Alors que la pression monte pour que les importateurs garantissent un approvisionnement plus propre, les raffineurs suisses se sont récemment engagés à retirer de leurs chaînes d’approvisionnement tout or provenant de terres indigènes. En 2020, la société japonaise Metalor, basée à Neuchâtel, a déclaré qu’elle cessait d’acheter de l’or provenant de mines artisanales.

Les données suisses montrent néanmoins que d’importants volumes d’or sont importés de pays non producteurs, notamment du Moyen-Orient et d’Europe, ce qui soulève la question de l’origine de l’or.

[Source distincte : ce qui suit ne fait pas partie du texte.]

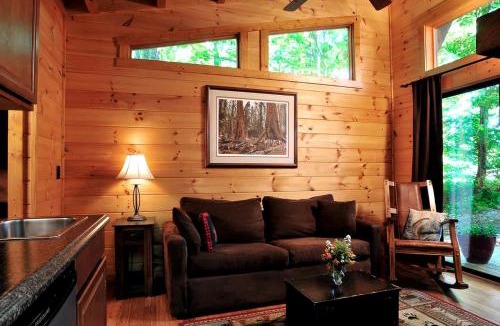 Boone House | Tree House-Style Luxury Cabin in the Blue Ridge Mountains, North Carolina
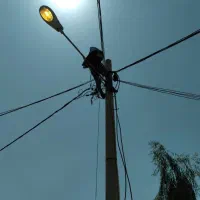 نصب کابل بالا پایه تیر برق برقکار سازمان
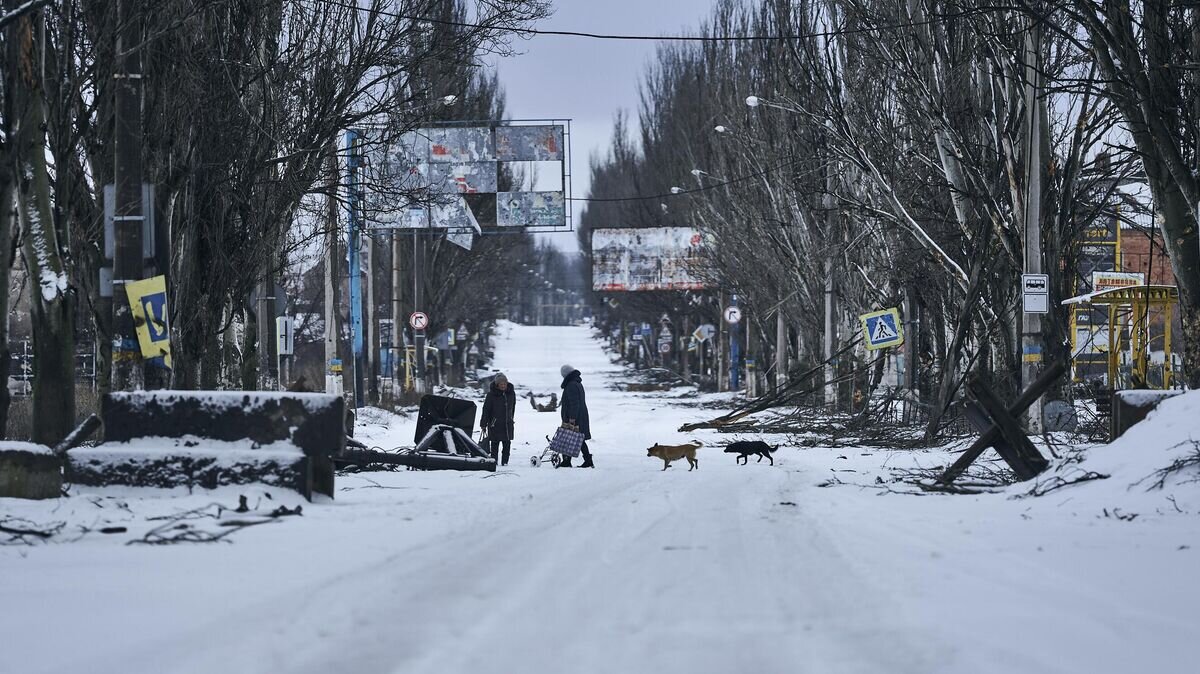    Местные жители на улице в Артемовске© AP Photo / Libkos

Nombreux sont ceux qui réclament des réponses. La Société pour les peuples menacés, une ONG basée à Berne, a demandé en 2018 à l’autorité fédérale des douanes de publier les dossiers relatifs à l’origine exacte de l’or importé en Suisse. Elle attend une décision dans les prochains mois du Tribunal fédéral. L’ONG plaide qu’il est d’intérêt public de le savoir. Elle enquête depuis longtemps sur la production illégale d’or en Amazonie et ses liens avec les raffineurs suisses.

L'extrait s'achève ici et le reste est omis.